[Items from a data source]
::::::

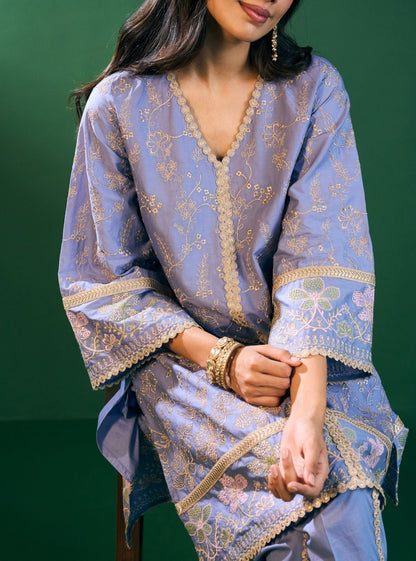 Rina Supima Cotton Steel Blue Kurta with Steel Blue Dhoti Pant Set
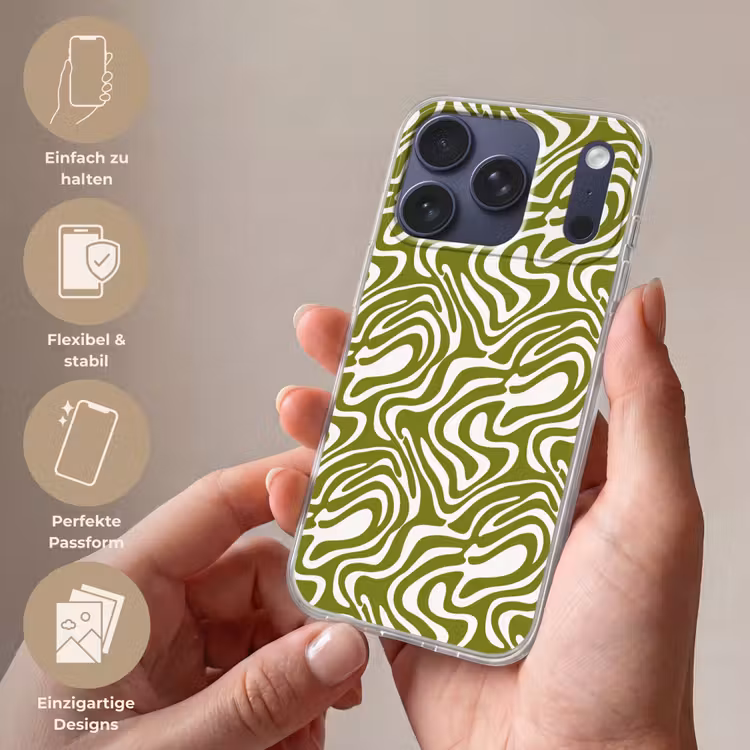 Lijnpatroon - Groen - Organisch Telefoonhoesje iPhone 17 Pro klein 878 -sfeer3_DE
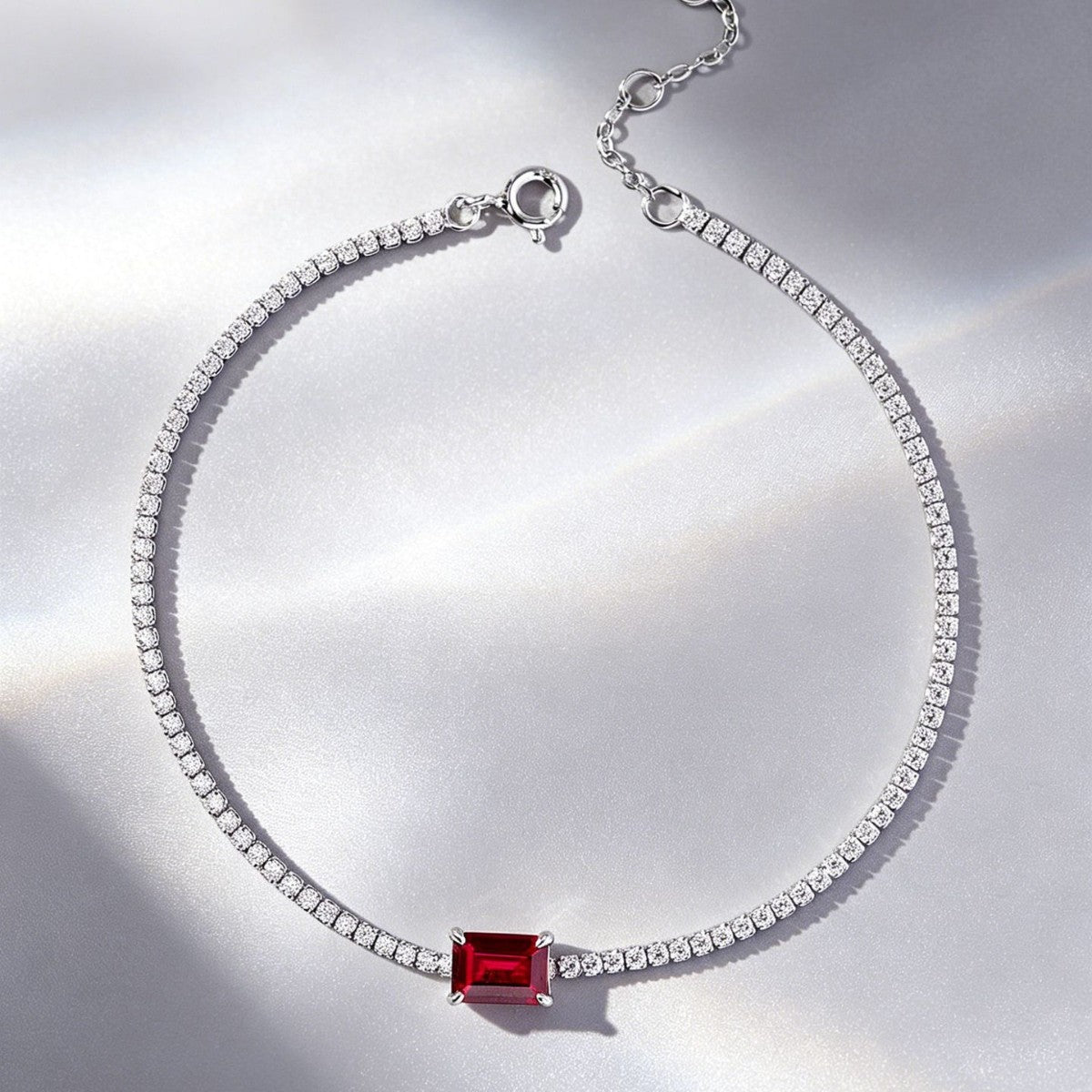 925 Silver Ruby Bracelet Elegant Women's - Photo 4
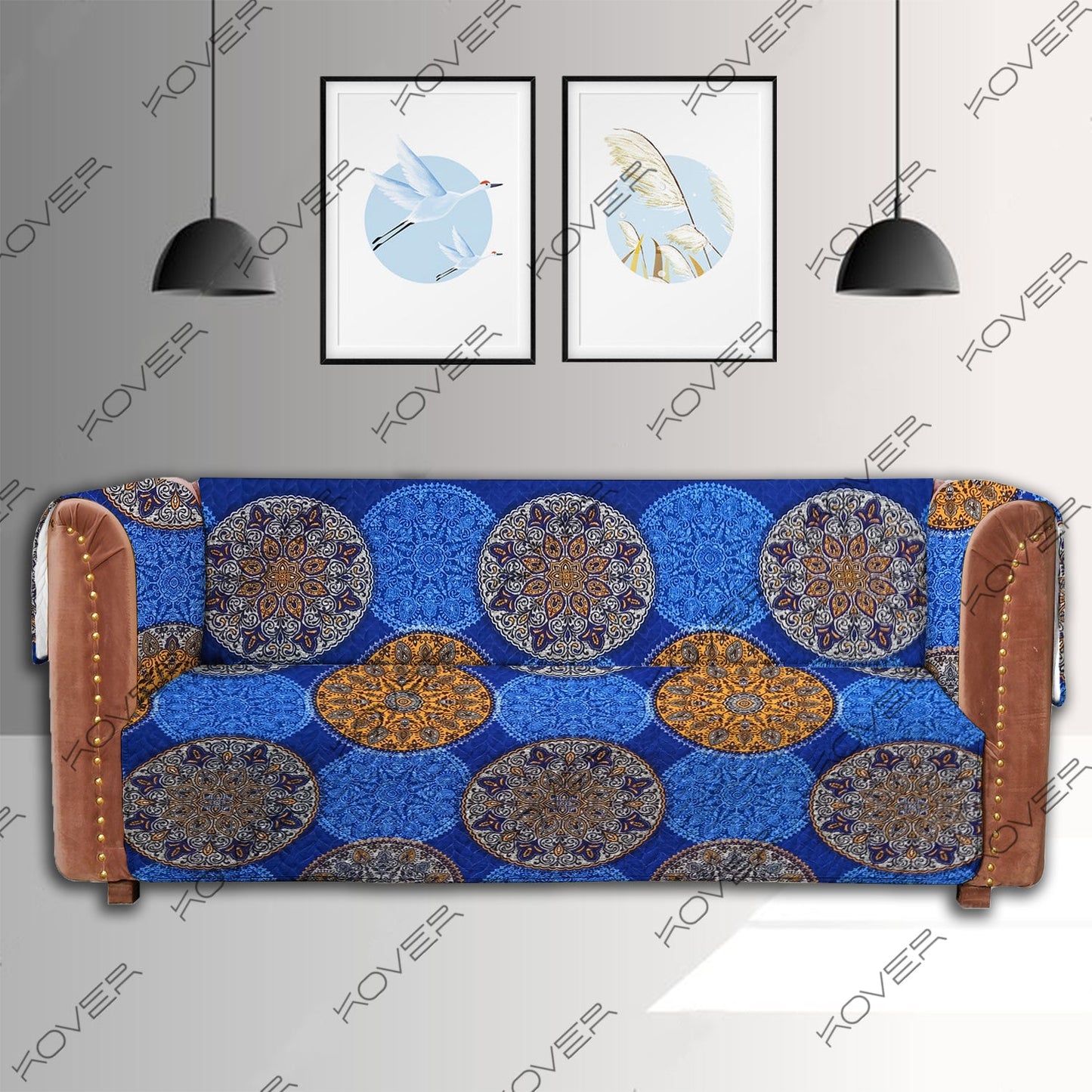 Ethnic Ornamental Circular Quilted Sofa Cover Set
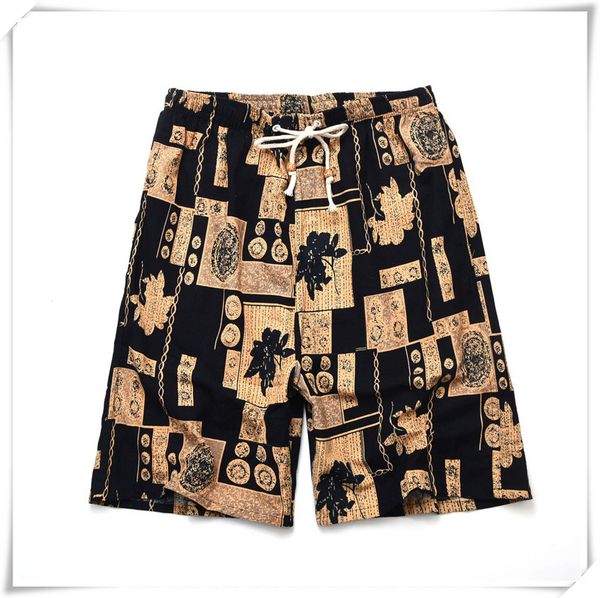 

2021 soccer shorts summer style cotton and linen printed big pants beach men's loose davis aaa555, Black;red
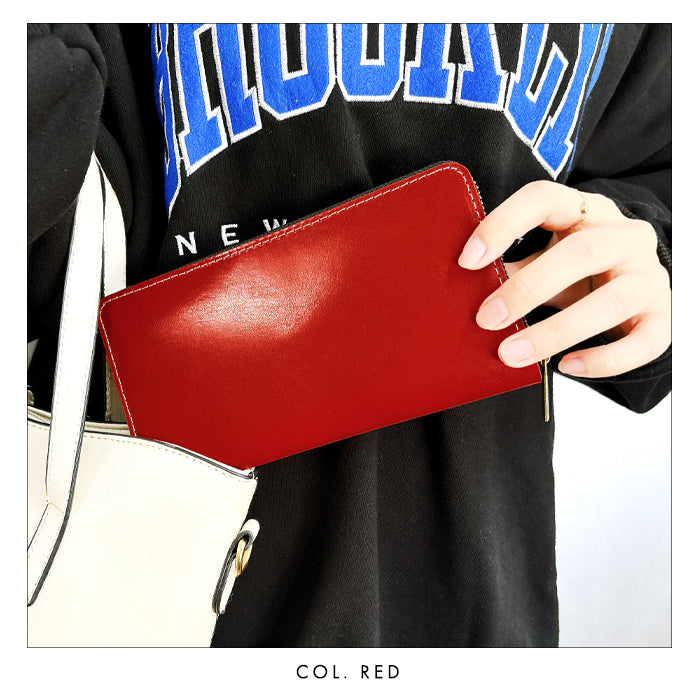 【財布の百貨店公式】 蛇腹 カードポケット付き 長財布 イタリア製 ミズーリベリー 本革 財布 ラウンド型ファスナー メンズ レディース イタリアンレザー 【安心の返品保証付き】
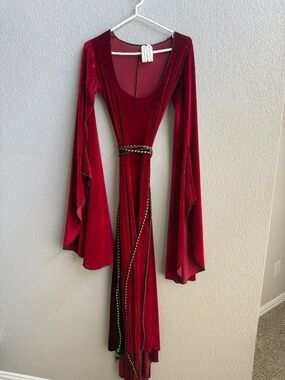 Red Velvet Medieval Gown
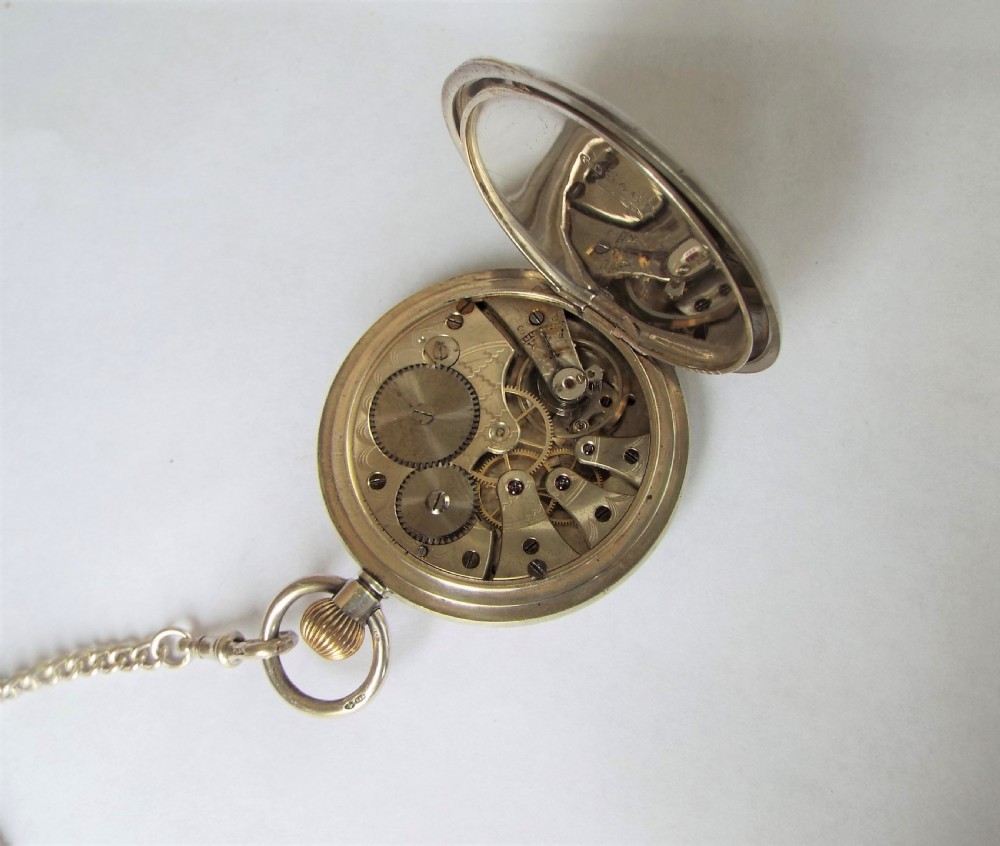 1907 silver half hunter pocket watch and chain View V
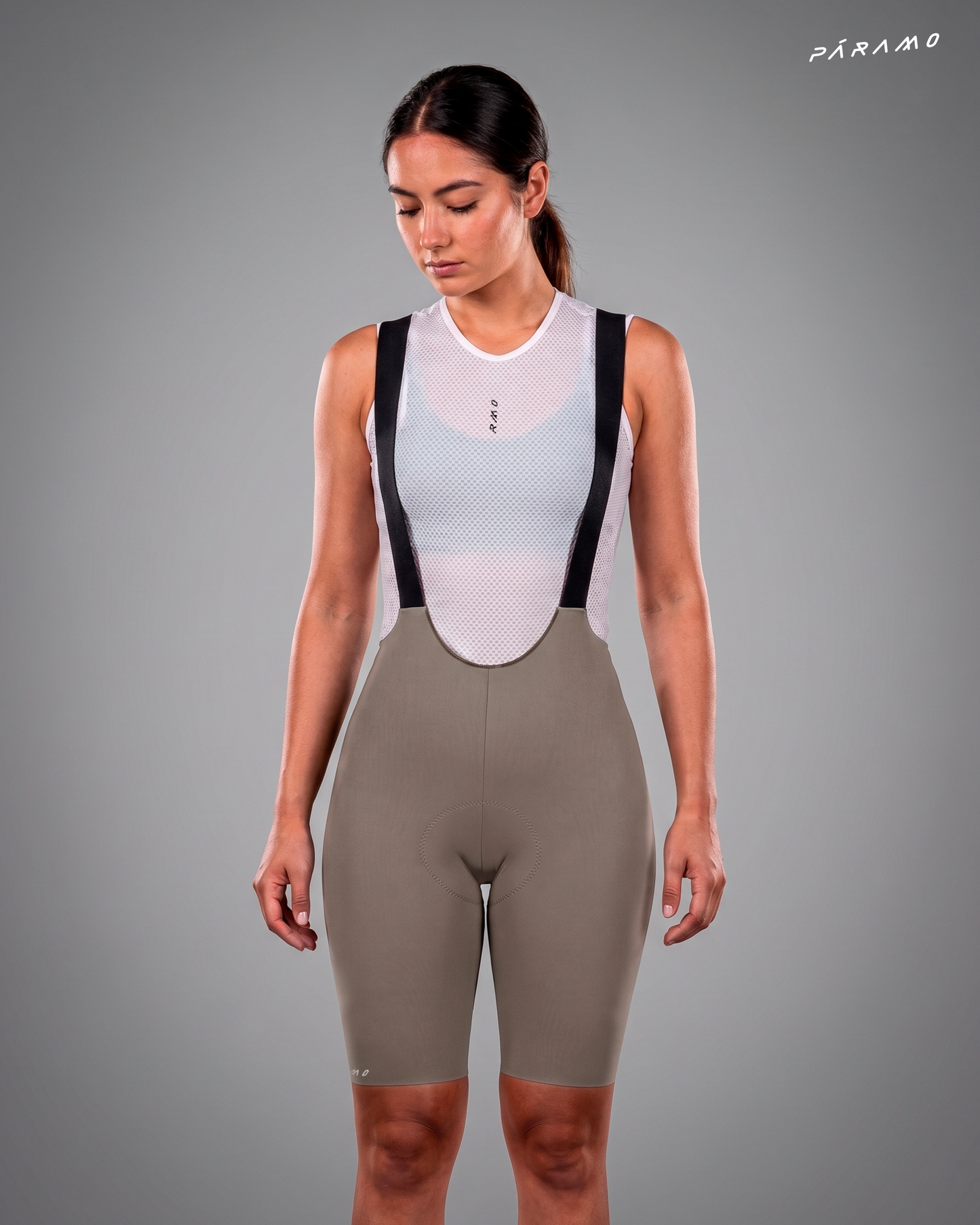 Pantaloneta Mujer QR bib short TAUPE ciclismo 2.0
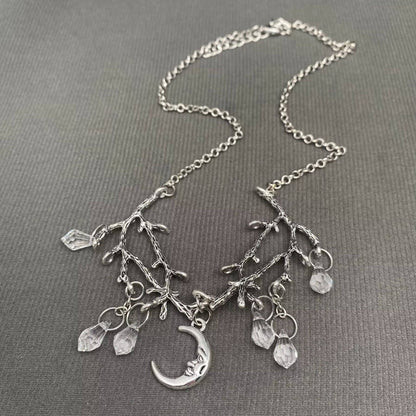 Branch Shape Moon Charm Necklace - MS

::::::

Retype each line above exactly. Leave the images out.

[Response to this exercise]
 Rina Supima Cotton Steel Blue Kurta with Steel Blue Dhoti Pant Set
 Lijnpatroon - Groen - Organisch Telefoonhoesje iPhone 17 Pro klein 878 -sfeer3_DE
 925 Silver Ruby Bracelet Elegant Women's - Photo 4
 Ethnic Ornamental Circular Quilted Sofa Cover Set

2021 soccer shorts summer style cotton and linen printed big pants beach men's loose davis aaa555, Black;red
 【財布の百貨店公式】 蛇腹 カードポケット付き 長財布 イタリア製 ミズーリベリー 本革 財布 ラウンド型ファスナー メンズ レディース イタリアンレザー 【安心の返品保証付き】
 Red Velvet Medieval Gown
 1907 silver half hunter pocket watch and chain View V
 Pantaloneta Mujer QR bib short TAUPE ciclismo 2.0
 Branch Shape Moon Charm Necklace - MS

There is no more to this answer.